Repository files navigation

Speech Timestamper

GitHub license Twitter

Demo iOS application to generate an accurately timestamped transcript given an audio file and its pre-supplied text.

It leverages Google Cloud Platform's Speech-to-Text API for its time offsets feature (that is, returning the absolute timestamp of each word relative to the beginning of the audio). Any mistranscriptions from the service can then be corrected using the pre-supplied text and a sequence alignment algorithm.

Why is this useful?

In cases where the raw text transcription of a piece of audio is known upfront, we can use this to obtain the correct word-level timestamps. This resulting information is useful for contexts relating to interactive language education and music lyrics.

Big idea

  1. Record some speech
  2. Provide manual transcript of what was said (a String)
  3. Generate timestamped transcription of audio from GCP's Speech-to-Text API
  4. Square up the provided transcription and the API's transcript using a sequence alignment algorithm, keeping the underlying actual word-timestamp pairs.
  5. Voilà!

Getting Started

  • Rename Secrets.template.plist to Secrets.plist and provide your Google Cloud Platform API key for the field GOOGLE_API_KEY.
  • Build and run the SpeechTimestamper target in Xcode.

gRPC

This project uses gRPC instead of REST to communicate with GCP services.
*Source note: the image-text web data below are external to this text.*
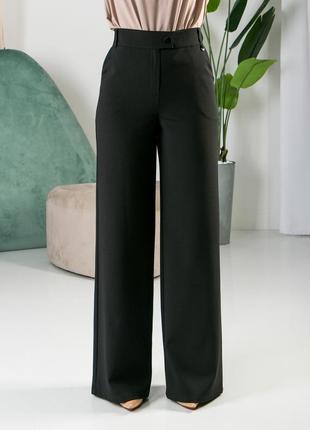 Черные молодежные брюки палаццо в деловом стиле больших размеров 42-542 фото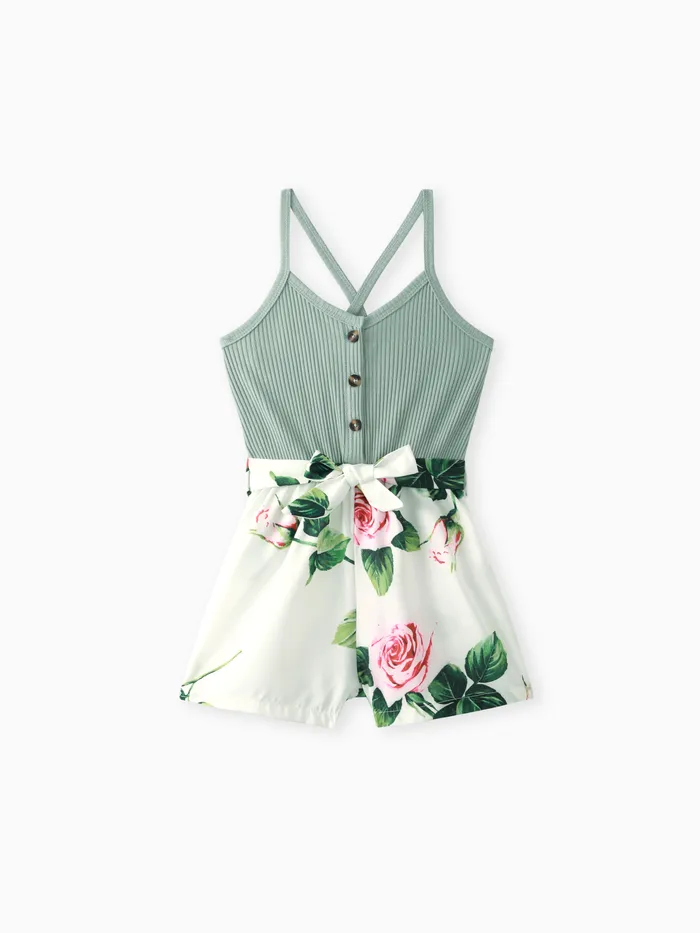 Baby/Toddler Girl Bowknot Floral Jumpsuit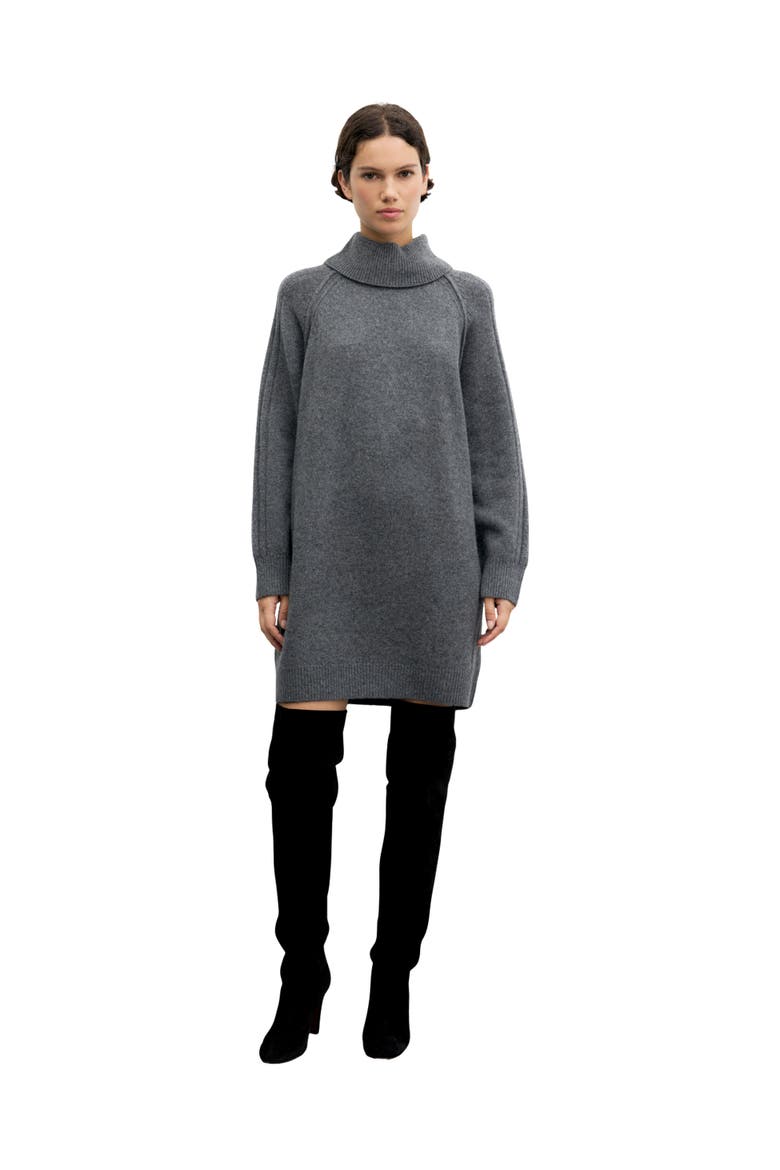 Cris Roll Neck Sweater Dress, Alternate, color, Charcoal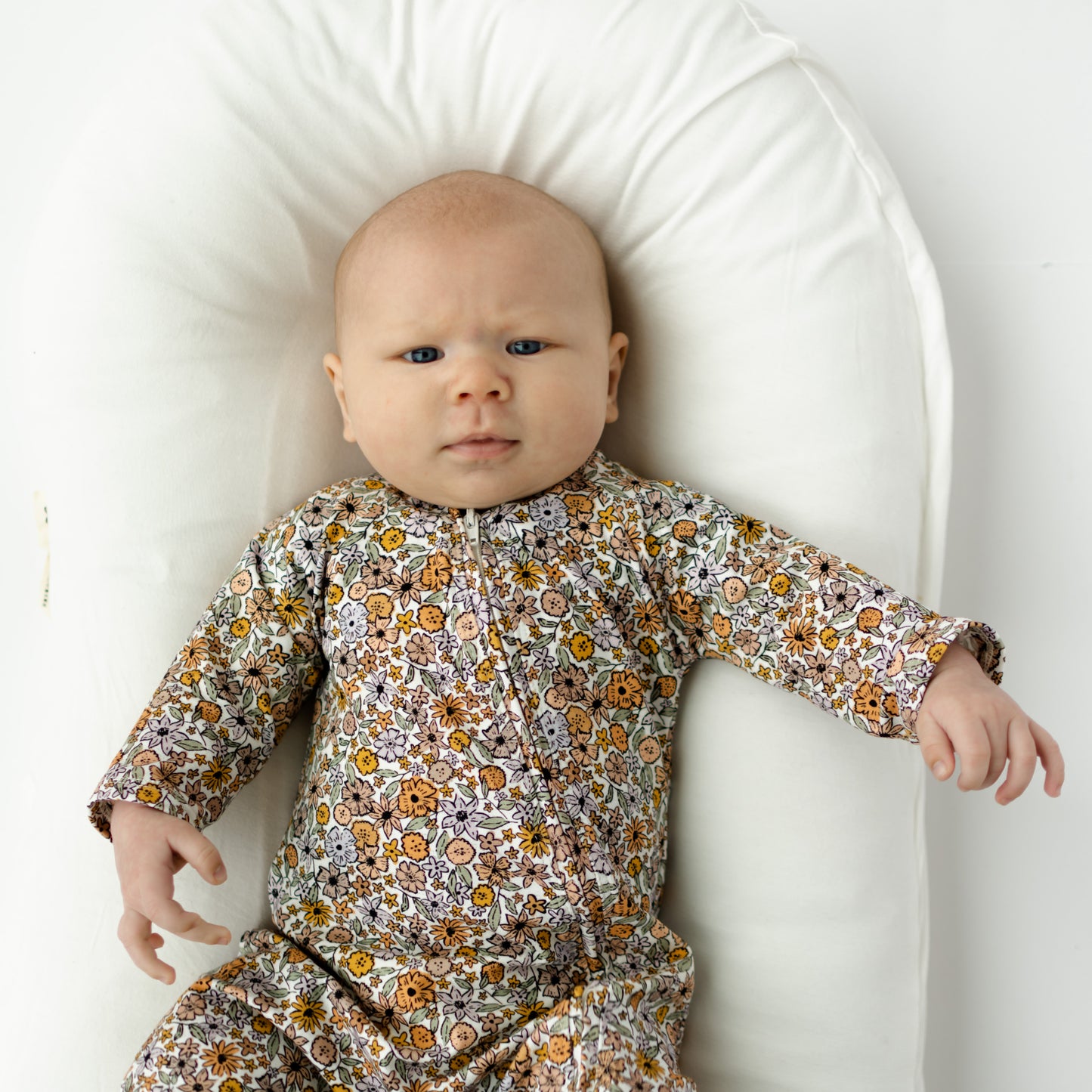 Organic Baby Zip Romper | Long Sleeve One Piece | Handmade in USA | Purple Flower Print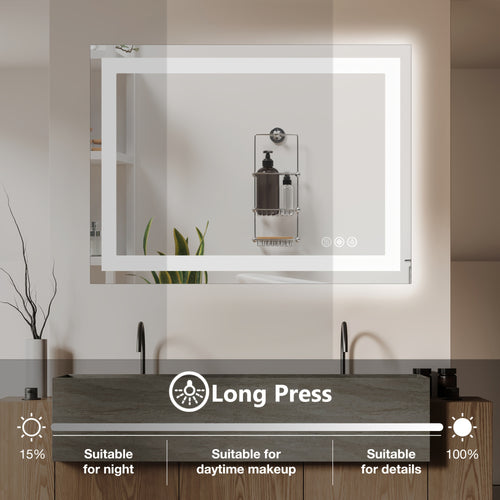 LED Bathroom Mirror Anti-Fog Wall Mounted - Dimmable Lighted Vanity Mirror with 3 Color Lighting Modes & Dual Light Source, Touch Sensor Backlit Makeup Mirror, Horizontal Vertical, Multiple Sizes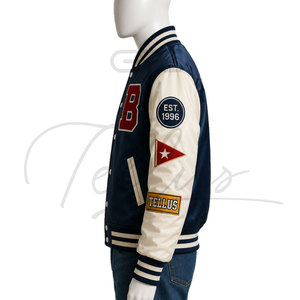 Veste universitaire unisexe pour homme de haute qualité, design personnalisé, col montant, satin doux, boutonnée, streetwear - Product Image 3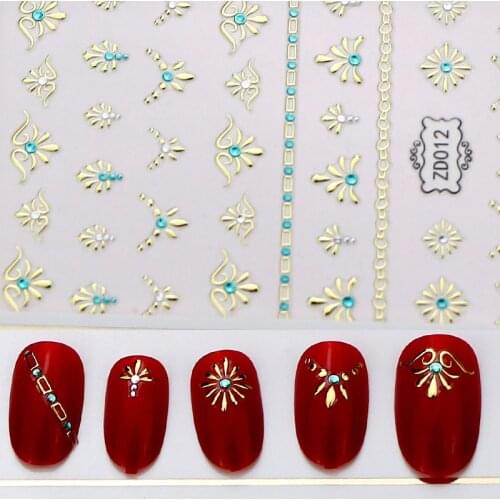 24 Design Fashion Colorful Winter Style 3D Rhinestone Nail Decals Nail Art Sticker DIY Manicure Accessory Nail Art Stickers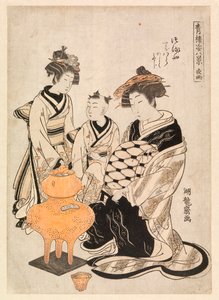 Courtesan and attendants heating sake, c.1766-80 (colour woodcut) alkotó: Isoda Koryusai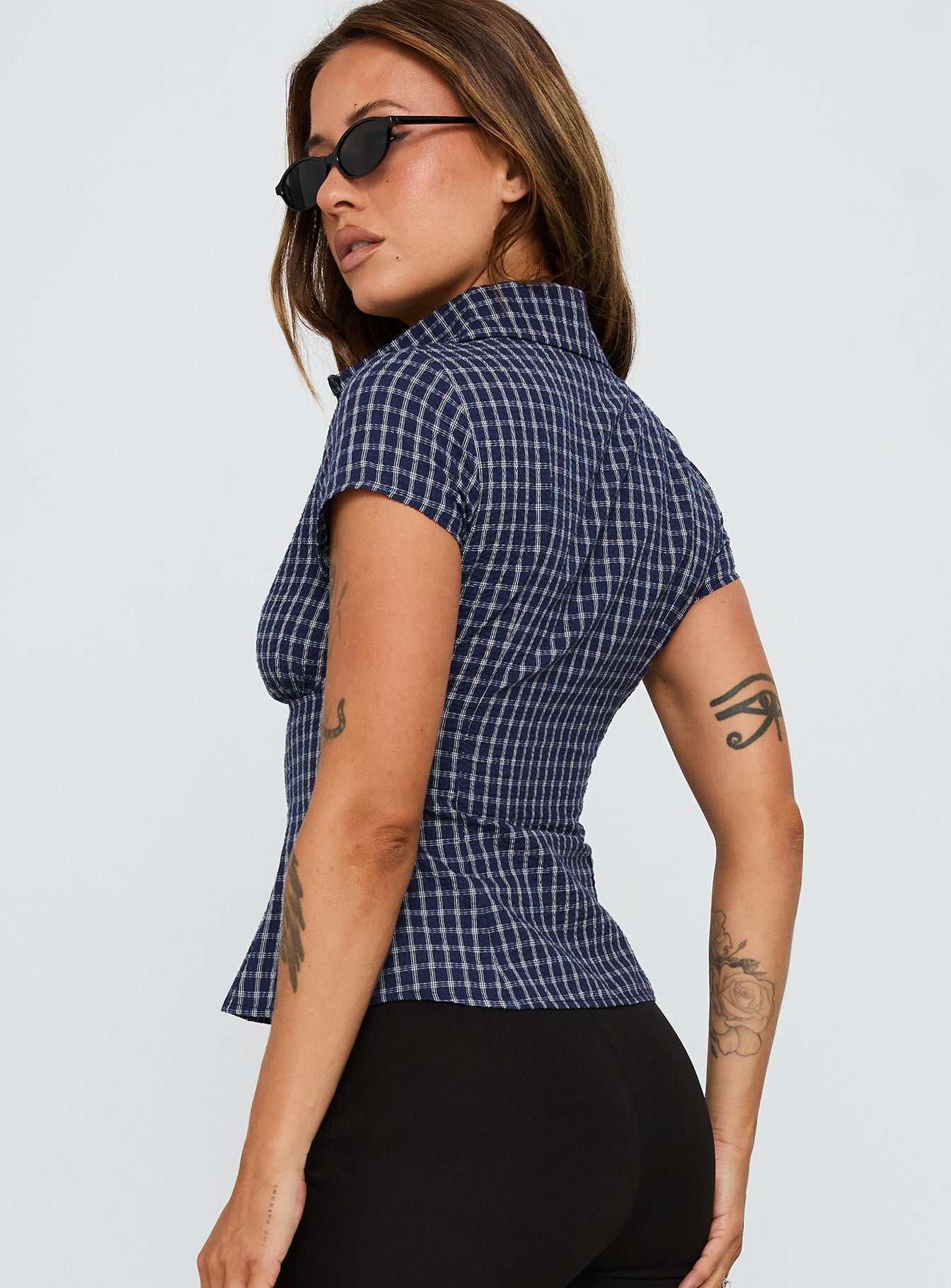 Cottesloe Blouse Top Navy Check-Vipp Girl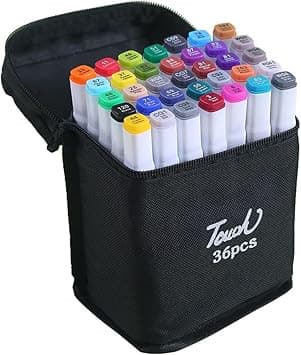 Conjunto de Canetas Coloridas Ponta Dupla 36 Cores com Estojo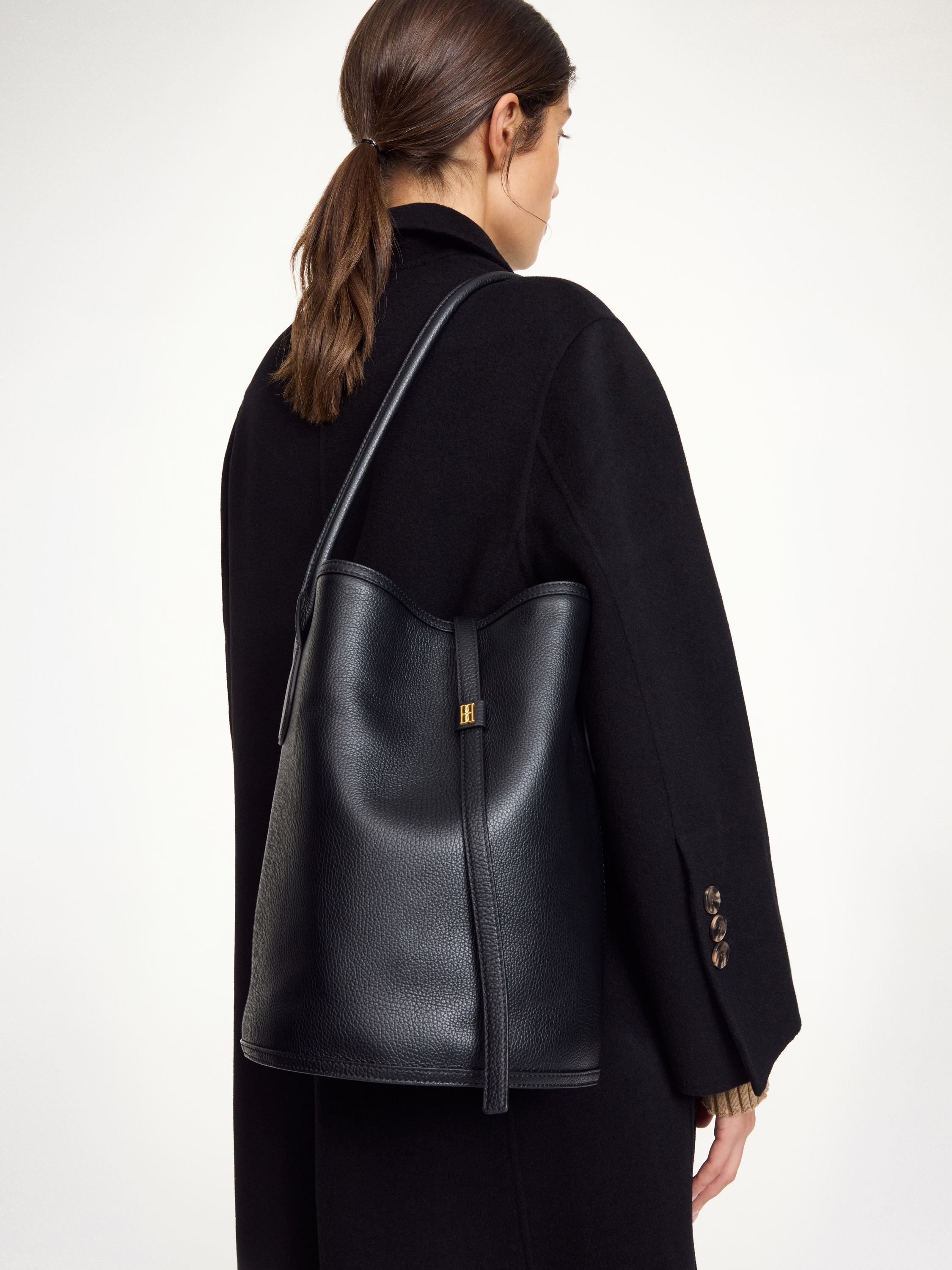 By Malene Birger Maryllon Grainy Bucket Bag In Black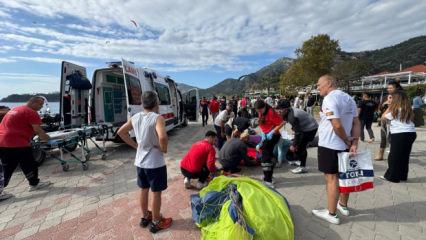 Fethiye'de yamaç paraşütleri havada çarpıştı!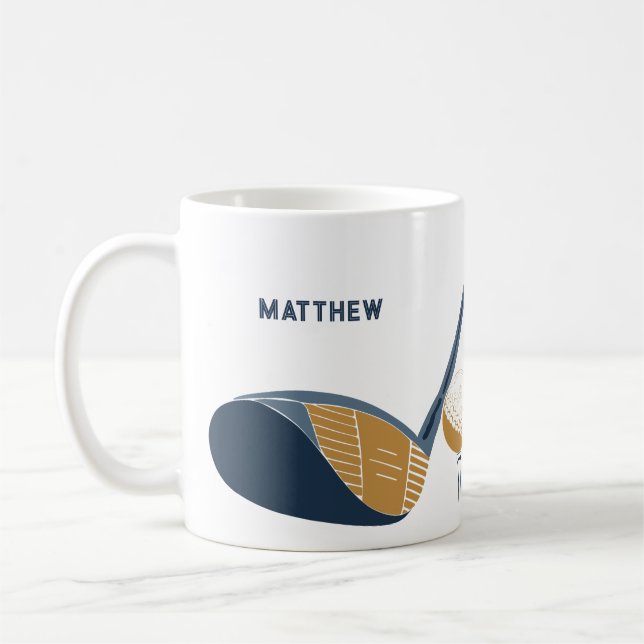 Golf Club and Ball Personalized Golfers Name Kaffemugg (Vänster)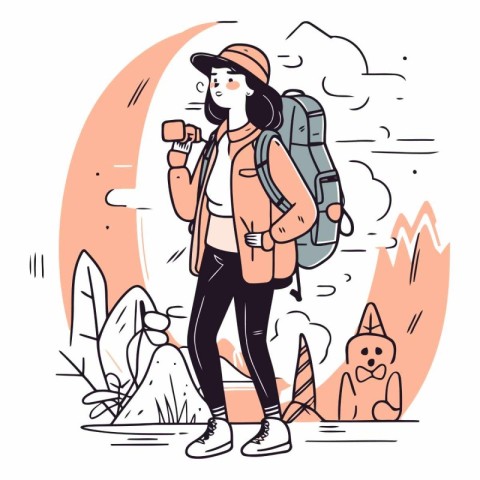 Traveler girl with backpack in a flat style.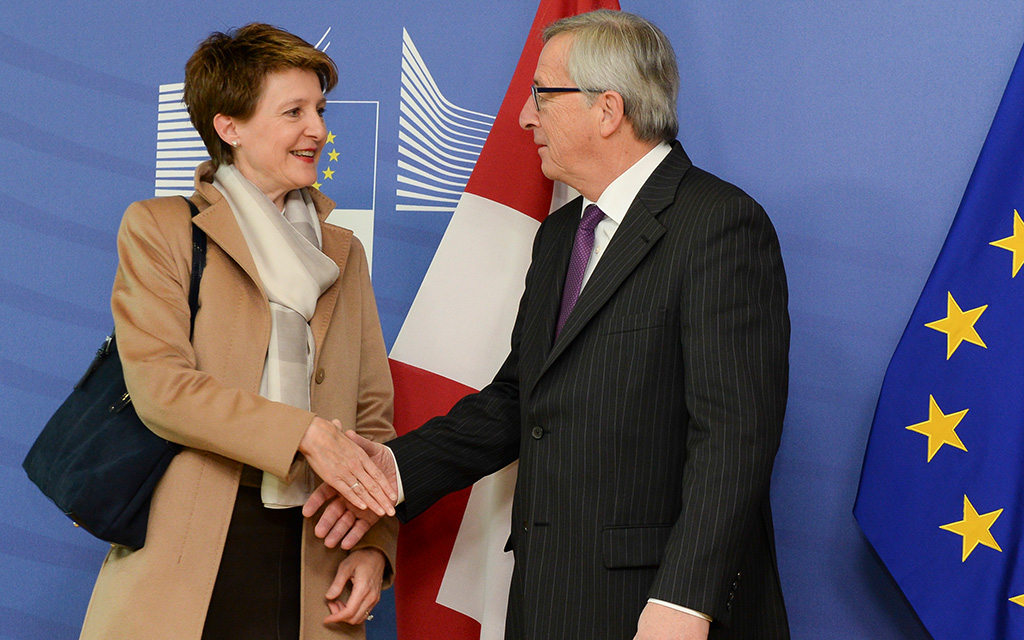 Bundespräsidentin Simonetta Sommaruga und Jean-Claude Juncker, Präsident der Europäischen Kommission. (Foto: © European Union, 2015)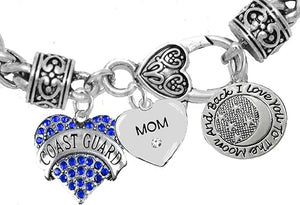 Coast Guard Mom, I Love You to The Moon and Back Charm Bracelet, Hypoallergenic, Safe- Nickel, Lead, and Cadmium Free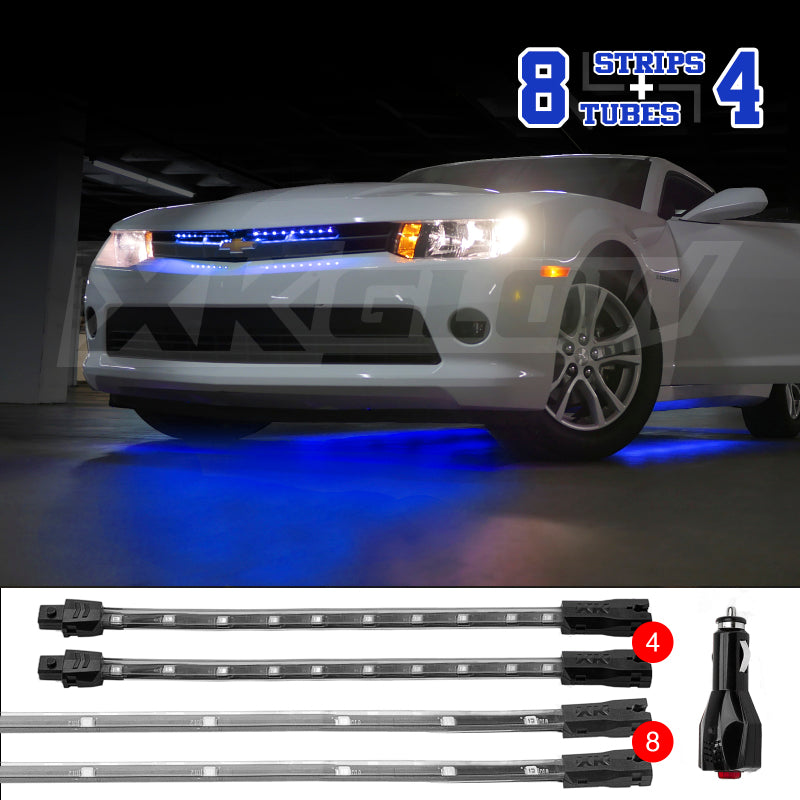 XK Glow Single Color XKGLOW UnderglowLED Accent Light Car/Truck Kit Blue - 8x24In Tube + 4x8In Strip Light Accessories and Wiring XKGLOW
While there is not yet an official Google Cloud Client Library for Swift), this project can be used as an example of how to interact with Google Cloud services (polling long-running operations, etc) using Swift with gRPC. For basic functionality of the gRPC API for Swift, see the Swift gRPC Overview.

If you'd like to generate the most up-to-date protobuf definitions, you'll need protobuf installed and then run a fresh pod update.